- Is my video actually private — does anything get uploaded?
- Nothing is uploaded. Your video file is read directly by the browser's File API and processed by ffmpeg compiled to WebAssembly (ffmpeg.wasm). Audio waveform data stays in JavaScript memory. The only external network requests are the one-time download of the Whisper AI model from Hugging Face CDN on first use. After that, even the AI works offline.
- What's the difference between silence removal and filler word removal?
- Silence removal uses audio amplitude: any span of audio below your chosen dB threshold for at least the minimum duration gets flagged and cut. Filler word removal uses AI speech recognition (Whisper) to find specific spoken words — "uh", "um", "you know", "like" etc. — even when they're not truly silent, so it catches hedging and verbal pauses that amplitude detection would miss.
- Why does the filler word AI only work in Chrome/Edge?
- Whisper inference via transformers.js uses the WebGPU API for speed. WebGPU is currently available in Chrome 113+, Edge 113+, and some Chromium-based browsers. Firefox has WebGPU behind a flag. Safari's support is limited. On unsupported browsers the tool falls back to silence-removal-only mode — which is still very effective for cutting dead air. You can still get great results without the AI step.
- How long does processing take?
- Silence detection over the extracted audio waveform is near-instant (a few seconds for a 30-minute video). The Whisper AI model download takes 1–3 minutes on a typical connection the first time — subsequent runs are cached. Whisper transcription itself runs at roughly 4–10× real-time on WebGPU (a 5-minute video takes about 30–60 seconds).
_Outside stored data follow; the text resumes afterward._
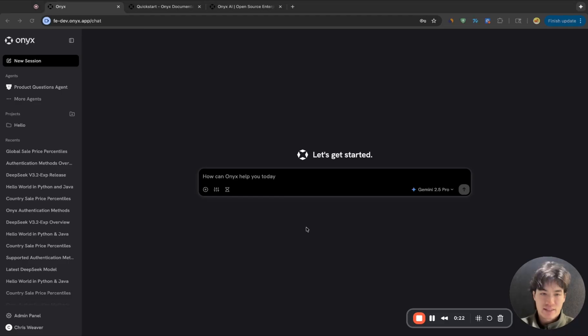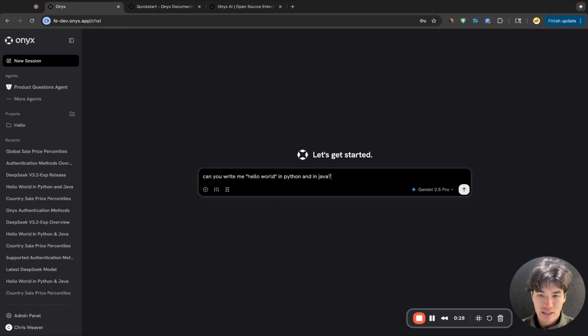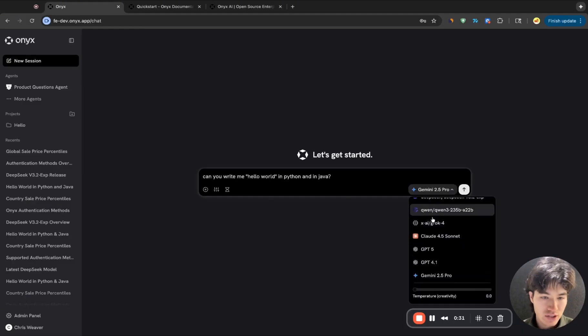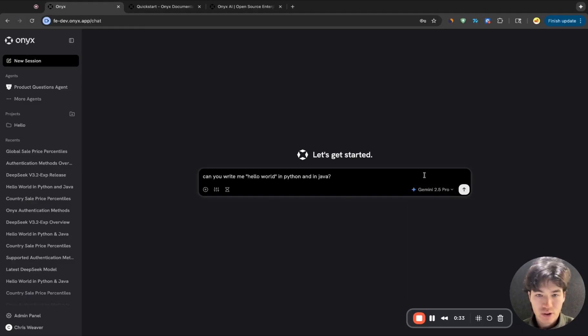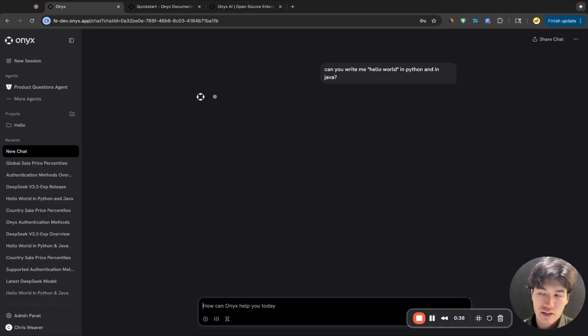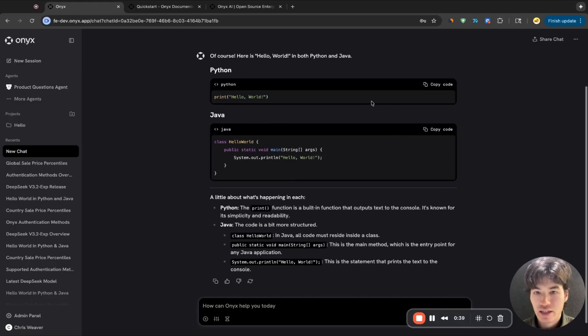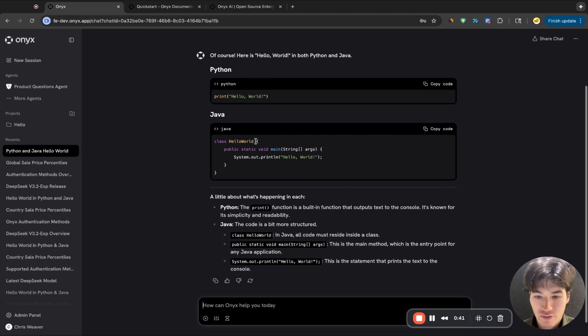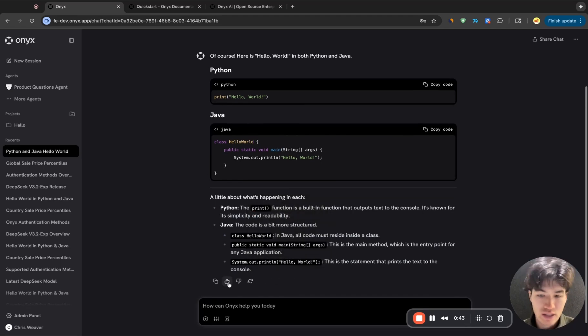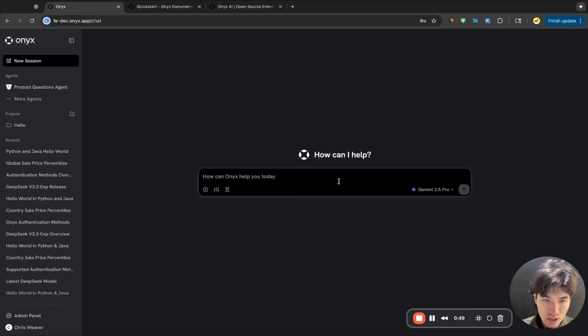So at its most basic, you can just use Onyx as a gateway to these large language models. So I could ask something like, can you write me hello world in Python and in Java? We're using Gemini 2.5 Pro here. And of course, it'll do that. It'll have all the nice bells and whistles like code formatting for many different languages. You can regenerate, give feedback, copy the response, et cetera. But that's kind of boring.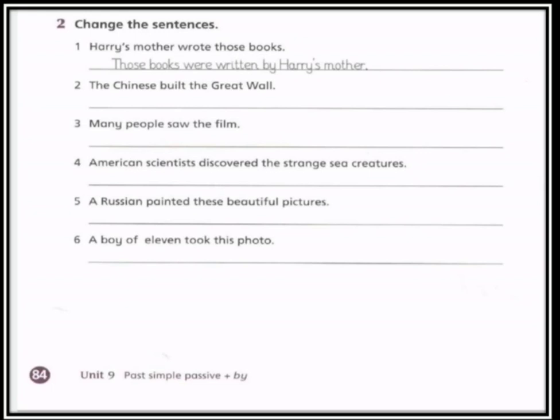Now let's go to exercise number two: change the sentences. هنا سوف نقوم بتحويل الجمل المعطاة إلى جمل مبني للمجهول، باتباع نفس الطريقة التي تم شرحها أثناء شرح الدرس. Let's start with the first one which is already done. نقرأ الجملة الأولى التي هي أصلاً محلولة: 'Her mother wrote those books' — those books هي عندنا مفعول به، تم وضعها في أول الجملة، 'were' تم استخدامها فعل مساعد لأن الـ books جمع.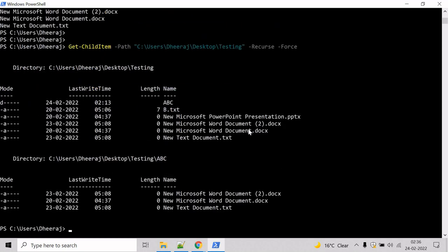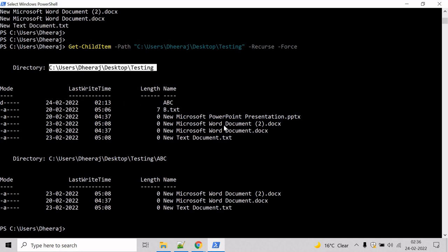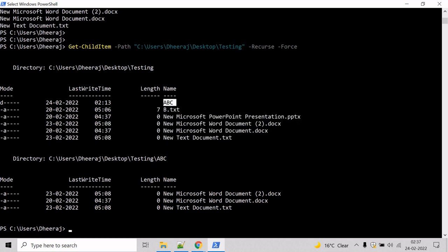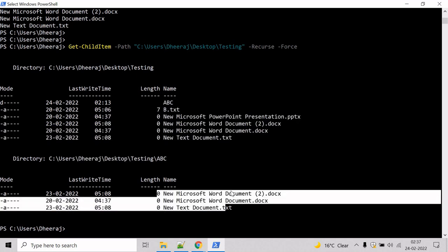And hit enter. You can see for the testing directory, these are the child items that has been returned. And for abc directory, these are the child items that has been returned.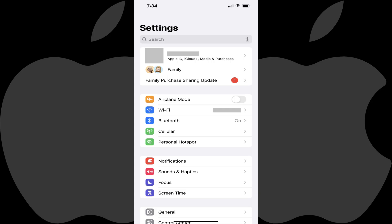Step 1. After installing your new password manager app, launch the Settings app on your iPhone or iPad. You'll land on the Settings screen.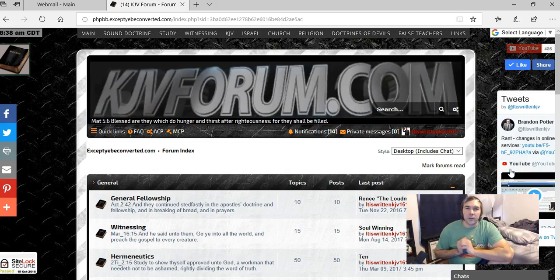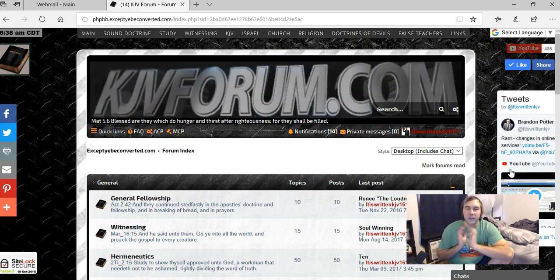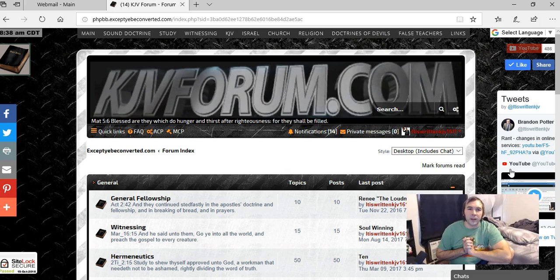Hey guys, how's it going? I just want to make this quick video for a praise report saying thank God that I have access to the forum.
The final ffmpeg cut-and-export step is also fast because video frames are stream-copied rather than re-encoded.
- What file formats and sizes are supported?
- Input: MP4 (H.264/H.265), MOV, and WebM. File size is limited only by your device RAM and browser limits — in practice files up to a few gigabytes work on modern computers with 16 GB+ RAM. For very long videos (>60 min) consider splitting them first. Output is always MP4 (H.264 video stream-copied, AAC audio).
- Can I undo or review the cuts before exporting?
- Yes — after detection you see a full timeline and a scrollable list of every detected cut. Each segment shows its timestamp, duration, and type (silence or filler word). You can uncheck any segment to keep it in the final video. Only checked segments are removed when you click "Export cleaned video".